## WHAT YOU ARE ASKED TO DO
Please output all of the entries exactly and omit any images they hold.
── EXERCISE DATA
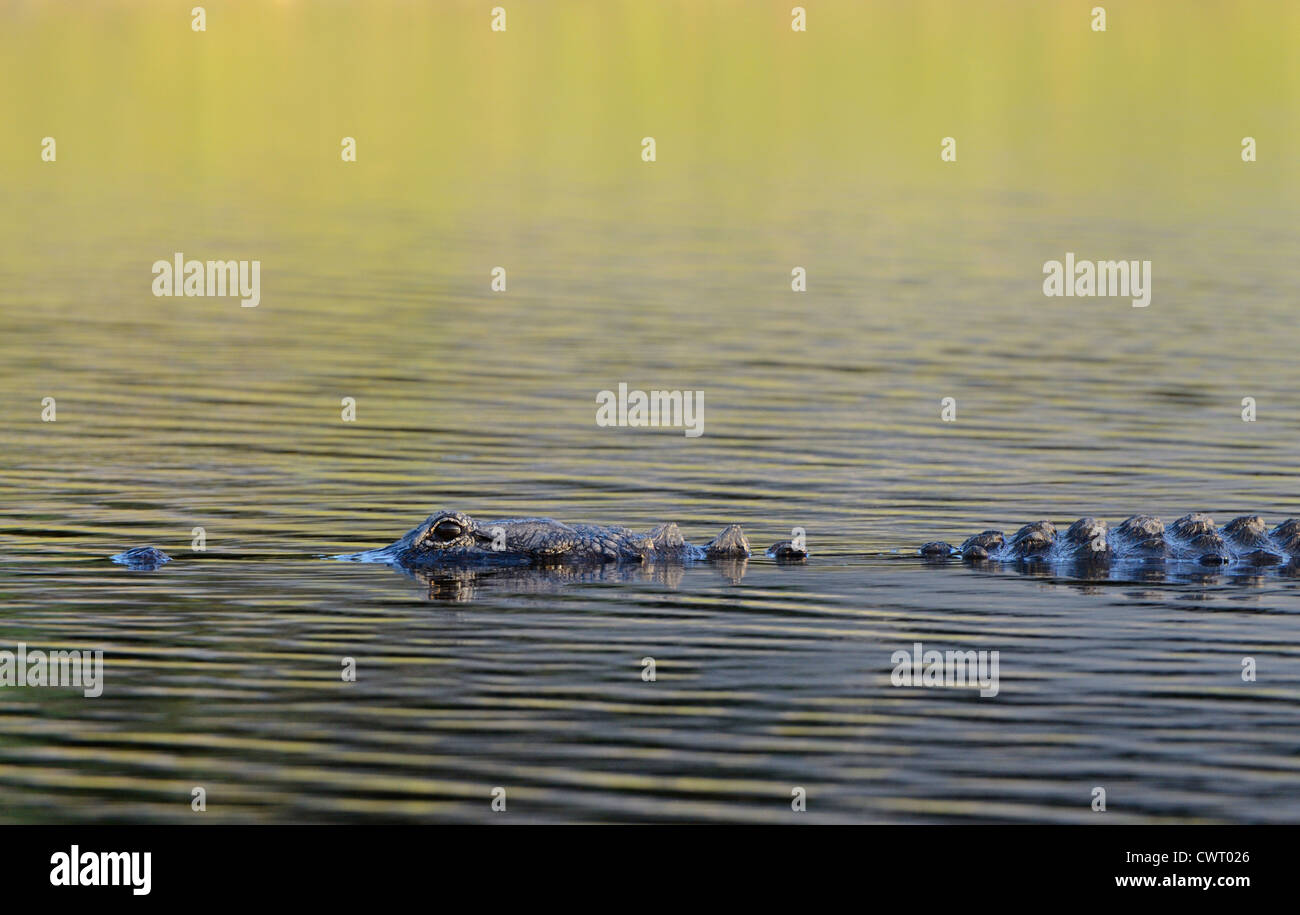 Alligator au coucher du soleil Banque D'Images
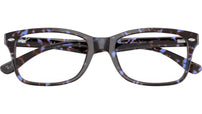 RB5228 Optics 8424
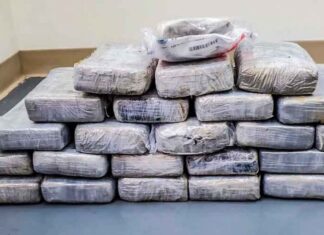 Incautadas en Ecuador 1,6 toneladas de cocaína con destino a Países Bajos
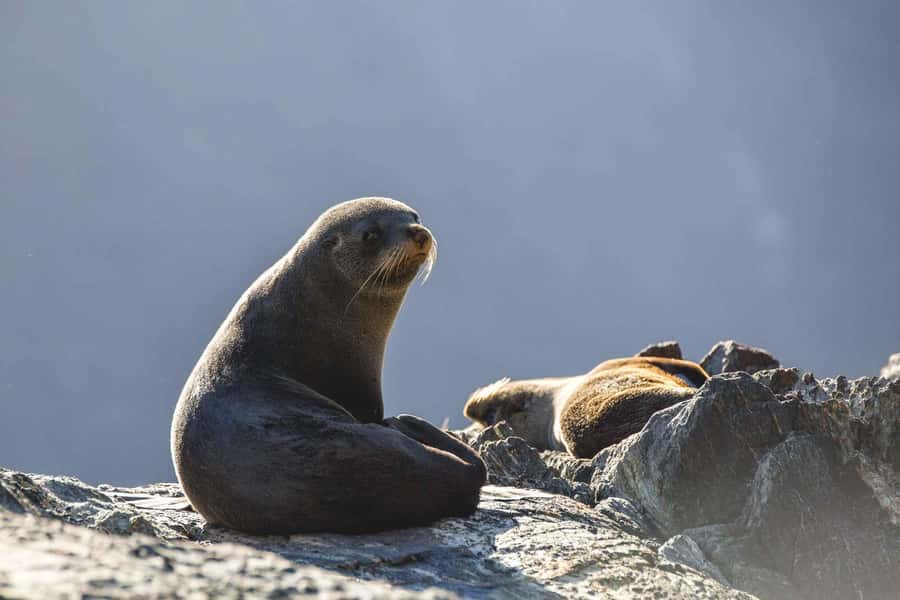 From Queenstown: Milford Sound Cruise and Coach Day Tour - Food, drinks, and comfort on board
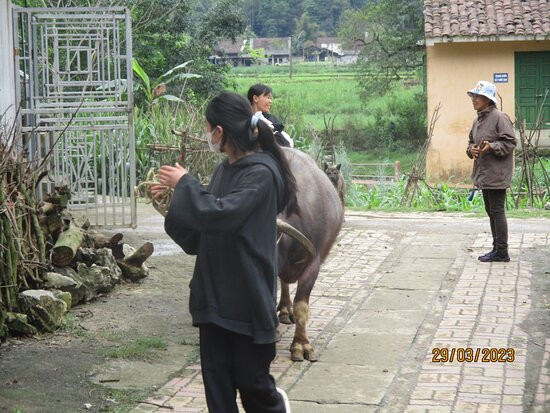 Phuc Sen Forging Village景点图片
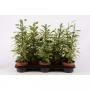 Ficus gold king h50-p13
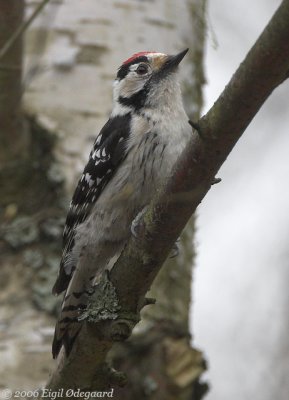Lille Flagsptte male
────
## RESULT OF THIS TASK
 Alligator au coucher du soleil Banque D'Images
 RB5228 Optics 8424
 Incautadas en Ecuador 1,6 toneladas de cocaína con destino a Países Bajos
 From Queenstown: Milford Sound Cruise and Coach Day Tour - Food, drinks, and comfort on board
 Phuc Sen Forging Village景点图片
 Ficus gold king h50-p13
Lille Flagsptte male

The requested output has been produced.